L’hôpital

Médiapart - Des hôpitaux misent sur des robots chirurgicaux à 1,4 million d’euros pour libérer des lits

Avril 2023, par Info santé sécu social

SANTÉ ENQUÊTE

Des établissements aux moyens restreints investissent avec l’espoir de garder moins longtemps les personnes opérées et de faire ainsi des économies. Les fabricants, au lobbying offensif, sont les premiers gagnants.

Rozenn Le Saint
9 avril 2023

Un gigantesque robot se dresse au milieu de huit personnels soignants dans le bloc opératoire de l’hôpital Necker-Enfants malades, à Paris. Au-dessus du patient de 16 ans atteint d’un cancer de l’estomac, les bras qui s’agitent ne sont pas ceux du chirurgien mais du robot. Le médecin est aux manettes, sur une console, quatre mètres plus loin.

Ce 13 février, Thomas Blanc, expert en chirurgie viscérale et urologique pédiatrique de l’Assistance publique-Hôpitaux de Paris (AP-HP), accomplit à distance les mêmes gestes que ceux qu’il réaliserait les mains dans le corps, mais avec une vue en 3D, et un zoom sur la cible à abattre : une rare tumeur qui s’en prend à l’estomac de l’adolescent. « Débrayage du bras », « criblage terminé », « arrimer les autres bras »… La voix féminine du robot oriente à la manière d’un GPS. Puis un des quatre bras mécaniques du robot s’enfonce dans l’estomac. À son extrémité, une caméra embarquée dans l’abdomen.

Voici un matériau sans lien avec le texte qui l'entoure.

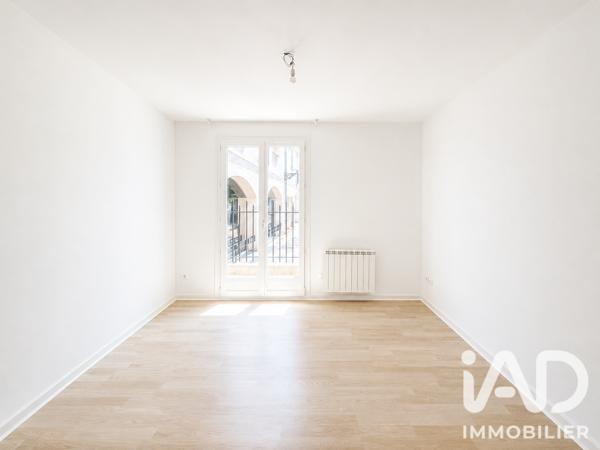 Appartement à vendre 3 pièces 73 m² Périgny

Opération d’une tumeur à l’estomac d’un patient par le chirurgien Thomas Blanc à l’Hôpital Necker à Paris, en février 2023. © Photo Rozenn Le Saint pour Mediapart
Le chirurgien n’a pas la sensation du toucher des organes mais « c’est largement compensé par la qualité visuelle, on voit beaucoup mieux qu’en chirurgie ouverte classique », précise le spécialiste de cet hôpital de référence pour soigner les enfants. Le colosse, dénommé Da Vinci Xi par son fabricant, la société Intuitive, en référence aux multiples bras articulés d’un célèbre tableau du peintre, s’affaire à exfiltrer la tumeur. Vers 14 heures, le médecin peut rassurer les parents.

Malgré cet apparent progrès de la technologie, l’achat de ces robots ne fait pas consensus dans les couloirs des hôpitaux, parce que ces derniers ne croulent pas sous les financements et que les fabricants ont la main lourde sur les prix.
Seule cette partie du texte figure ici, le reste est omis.